→ WHAT IS REQUIRED: Copy out nothing but the lines from the one holding "Kenya Wildlife Service" through the end of the entries below, exactly as written and without the pictures.

→ Extracted records:

::::::

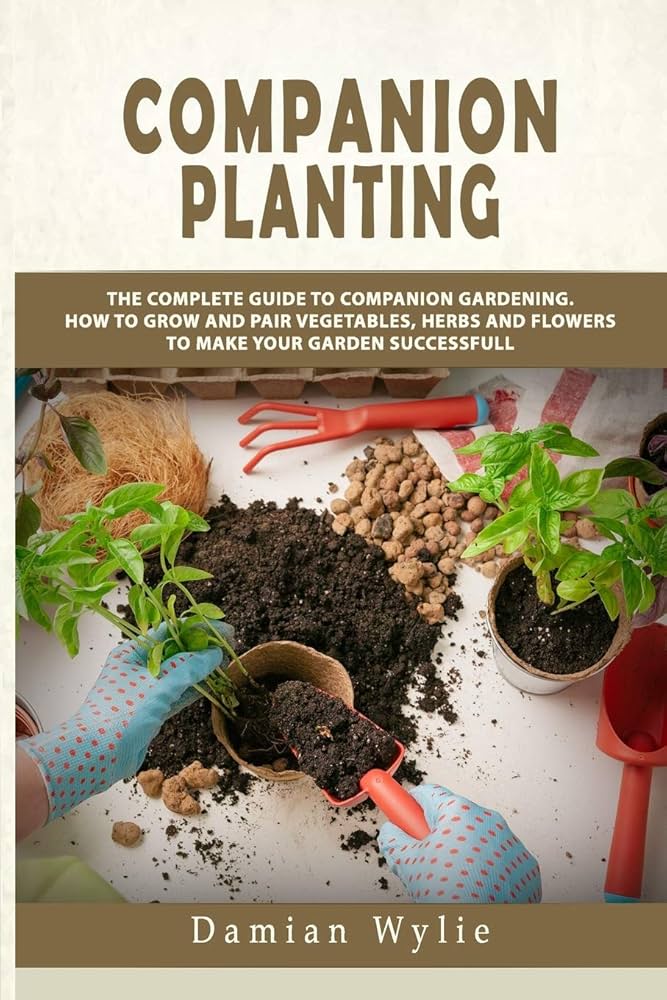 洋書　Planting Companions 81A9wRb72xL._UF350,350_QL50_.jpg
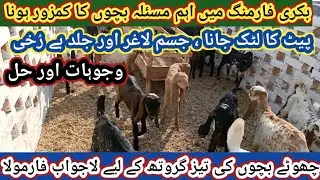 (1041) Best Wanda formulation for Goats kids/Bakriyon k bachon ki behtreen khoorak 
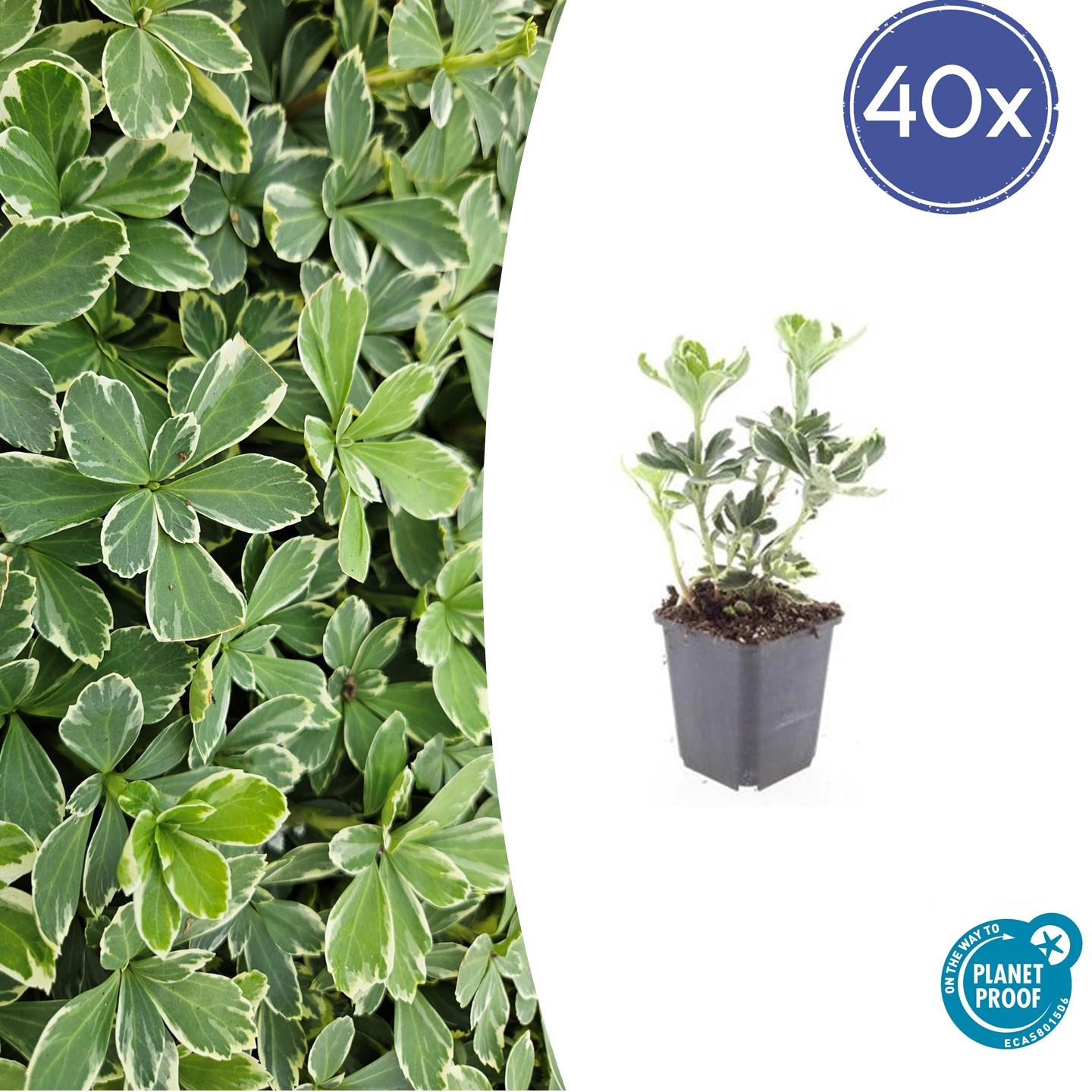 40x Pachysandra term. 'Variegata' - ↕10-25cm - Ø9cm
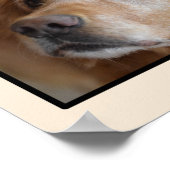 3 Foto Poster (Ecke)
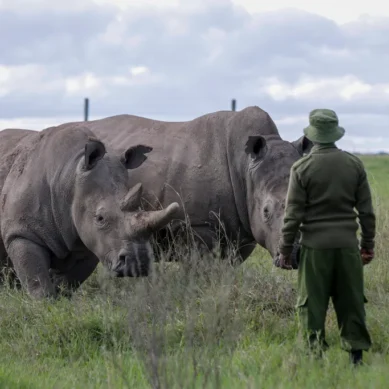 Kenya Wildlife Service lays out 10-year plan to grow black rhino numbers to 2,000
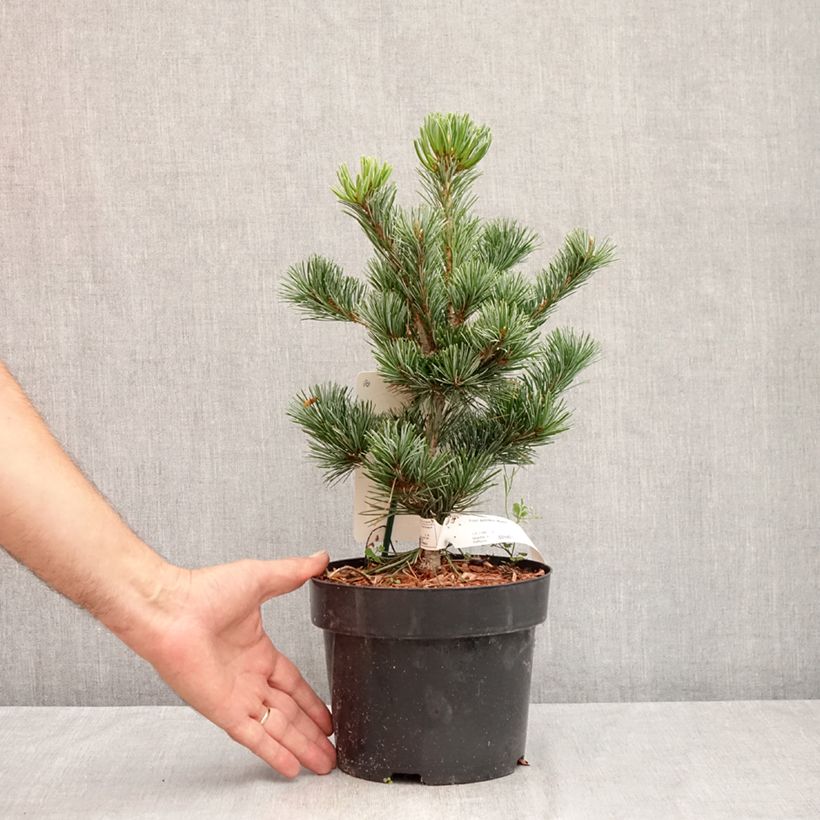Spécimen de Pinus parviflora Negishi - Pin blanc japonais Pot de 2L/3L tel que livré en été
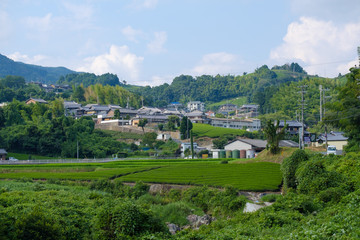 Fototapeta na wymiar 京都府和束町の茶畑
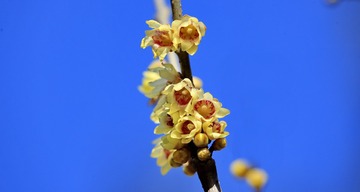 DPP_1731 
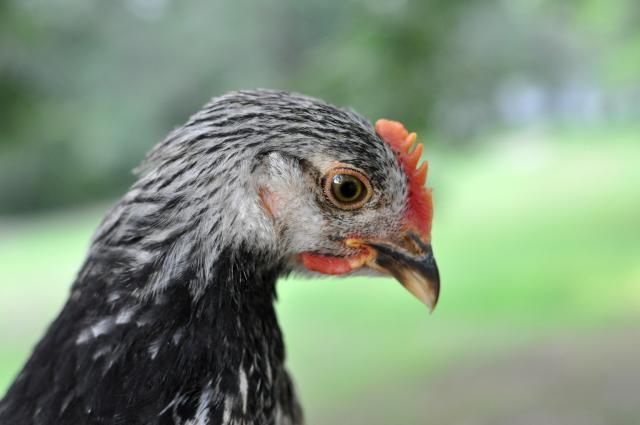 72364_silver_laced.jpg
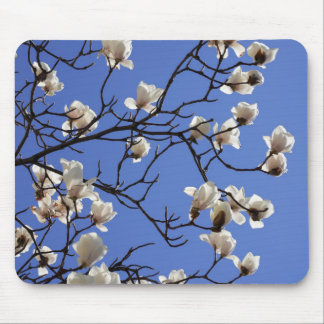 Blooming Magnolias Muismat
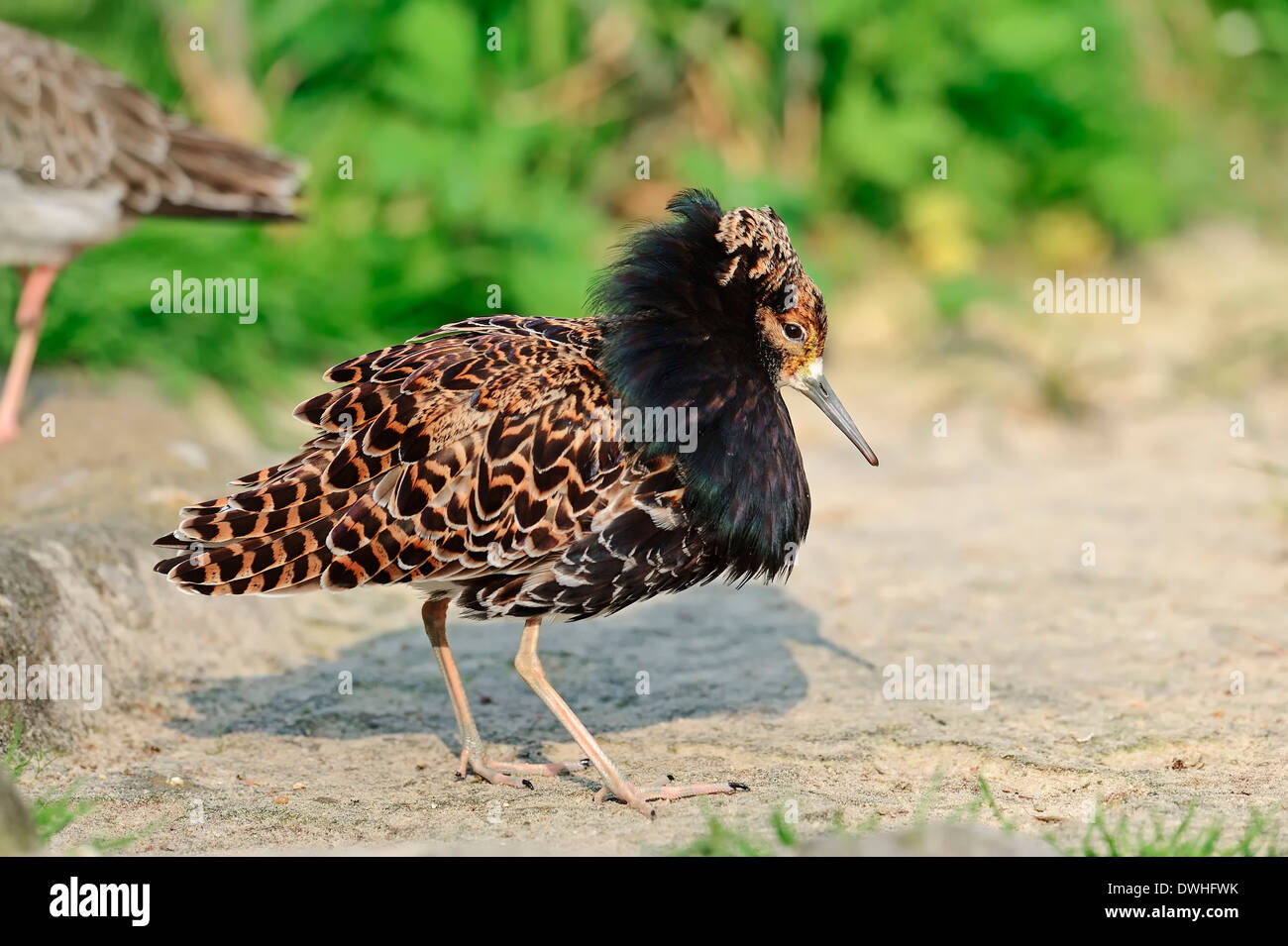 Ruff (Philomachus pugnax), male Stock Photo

::::::

→ REPLY:
 Kenya Wildlife Service lays out 10-year plan to grow black rhino numbers to 2,000
Spécimen de Pinus parviflora Negishi - Pin blanc japonais Pot de 2L/3L tel que livré en été
 Fototapeta na wymiar 京都府和束町の茶畑
 DPP_1731 
 72364_silver_laced.jpg
 Blooming Magnolias Muismat
 Ruff (Philomachus pugnax), male Stock Photo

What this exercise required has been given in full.